Candidate (R): Very Bad Guy
Candidate (D): Bad Guy
Candidate (G): Very Good Guy
I only have one vote. I choose Candidate (G).
But wait, the critics scream. (G) doesn’t have a chance. Only (D) can win against (R). You must vote for (D) or children and democracy will die!
As Mr. Spock would say, this is highly illogical.
If (R) wins the election, the voters who cast their ballots for the Very Bad Guy are responsible. Not me.
If (D) loses, i.e. failed to win enough votes, then Party (D) should have nominated a better, more attractive, candidate, instead of a Bad Guy.
If (D) does win, and remember he’s a Bad Guy, his party will feel vindicated and will likely keep nominating bad guys. Why change a winning formula?

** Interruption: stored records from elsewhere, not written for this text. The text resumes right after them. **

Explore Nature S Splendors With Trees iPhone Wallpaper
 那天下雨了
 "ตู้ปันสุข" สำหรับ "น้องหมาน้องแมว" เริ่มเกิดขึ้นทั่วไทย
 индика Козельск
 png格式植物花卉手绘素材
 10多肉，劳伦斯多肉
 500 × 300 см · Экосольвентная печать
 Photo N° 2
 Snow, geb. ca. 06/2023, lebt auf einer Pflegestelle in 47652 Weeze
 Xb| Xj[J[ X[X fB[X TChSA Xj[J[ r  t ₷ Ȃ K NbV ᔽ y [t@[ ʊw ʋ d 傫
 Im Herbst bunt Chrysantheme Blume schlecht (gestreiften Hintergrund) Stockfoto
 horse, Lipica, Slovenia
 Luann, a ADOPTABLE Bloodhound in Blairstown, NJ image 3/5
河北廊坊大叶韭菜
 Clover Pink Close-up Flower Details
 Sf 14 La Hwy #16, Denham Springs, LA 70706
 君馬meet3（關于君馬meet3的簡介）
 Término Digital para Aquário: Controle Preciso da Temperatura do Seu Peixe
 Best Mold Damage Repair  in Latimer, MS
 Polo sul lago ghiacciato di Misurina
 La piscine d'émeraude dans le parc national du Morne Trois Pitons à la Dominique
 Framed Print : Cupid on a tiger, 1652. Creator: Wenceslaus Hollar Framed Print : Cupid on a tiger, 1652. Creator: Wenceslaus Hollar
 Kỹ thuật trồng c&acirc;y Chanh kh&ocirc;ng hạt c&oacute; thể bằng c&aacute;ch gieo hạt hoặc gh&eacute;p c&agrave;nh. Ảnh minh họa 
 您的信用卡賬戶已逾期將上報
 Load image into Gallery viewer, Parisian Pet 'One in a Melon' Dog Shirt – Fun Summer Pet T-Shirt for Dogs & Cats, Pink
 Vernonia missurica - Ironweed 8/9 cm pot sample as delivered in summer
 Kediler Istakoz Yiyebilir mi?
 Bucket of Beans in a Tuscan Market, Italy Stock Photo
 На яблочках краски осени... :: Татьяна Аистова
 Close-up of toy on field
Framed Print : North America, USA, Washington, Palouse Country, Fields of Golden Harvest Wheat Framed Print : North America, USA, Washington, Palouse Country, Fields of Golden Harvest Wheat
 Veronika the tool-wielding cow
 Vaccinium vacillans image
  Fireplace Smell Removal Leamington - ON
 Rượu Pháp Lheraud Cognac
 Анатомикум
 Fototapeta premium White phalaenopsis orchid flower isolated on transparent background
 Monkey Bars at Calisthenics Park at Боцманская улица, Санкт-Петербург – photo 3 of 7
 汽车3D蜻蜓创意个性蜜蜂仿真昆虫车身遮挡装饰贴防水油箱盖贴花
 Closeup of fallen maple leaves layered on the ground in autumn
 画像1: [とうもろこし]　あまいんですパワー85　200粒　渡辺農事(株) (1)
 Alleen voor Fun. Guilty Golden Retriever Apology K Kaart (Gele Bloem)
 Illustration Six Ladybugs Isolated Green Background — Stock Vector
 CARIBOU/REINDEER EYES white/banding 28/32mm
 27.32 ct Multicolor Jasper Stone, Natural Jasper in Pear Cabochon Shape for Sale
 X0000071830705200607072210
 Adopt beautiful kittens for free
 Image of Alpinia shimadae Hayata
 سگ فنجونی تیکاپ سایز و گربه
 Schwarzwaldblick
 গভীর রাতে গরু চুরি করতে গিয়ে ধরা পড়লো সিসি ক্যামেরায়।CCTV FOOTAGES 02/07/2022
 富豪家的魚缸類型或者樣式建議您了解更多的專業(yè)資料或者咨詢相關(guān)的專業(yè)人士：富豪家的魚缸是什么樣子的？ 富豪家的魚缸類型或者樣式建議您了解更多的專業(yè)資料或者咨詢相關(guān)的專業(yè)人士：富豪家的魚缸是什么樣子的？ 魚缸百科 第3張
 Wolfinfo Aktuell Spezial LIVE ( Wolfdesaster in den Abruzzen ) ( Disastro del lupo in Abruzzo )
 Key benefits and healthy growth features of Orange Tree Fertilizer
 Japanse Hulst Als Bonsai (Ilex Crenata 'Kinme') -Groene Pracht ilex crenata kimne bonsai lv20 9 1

Logically, if I want a Very Good Guy to win, I have to vote for him. And if I want to drive Party (D) to nominate better candidates, I can’t do that by giving their bad guys my vote. I have to incentivize Party (D) to change, and they won’t change if I just roll over and vote for them because Party (R) is allegedly even worse.
So, if lots of Very Bad Guys win on Tuesday, blame those who voted for them. Prod those voters who stayed home and didn’t vote (perhaps by fielding better candidates in the future). Ponder why the big “choice” was between Very Bad Guy and Bad Guy. Just don’t blame me for voting for the Very Good Guy.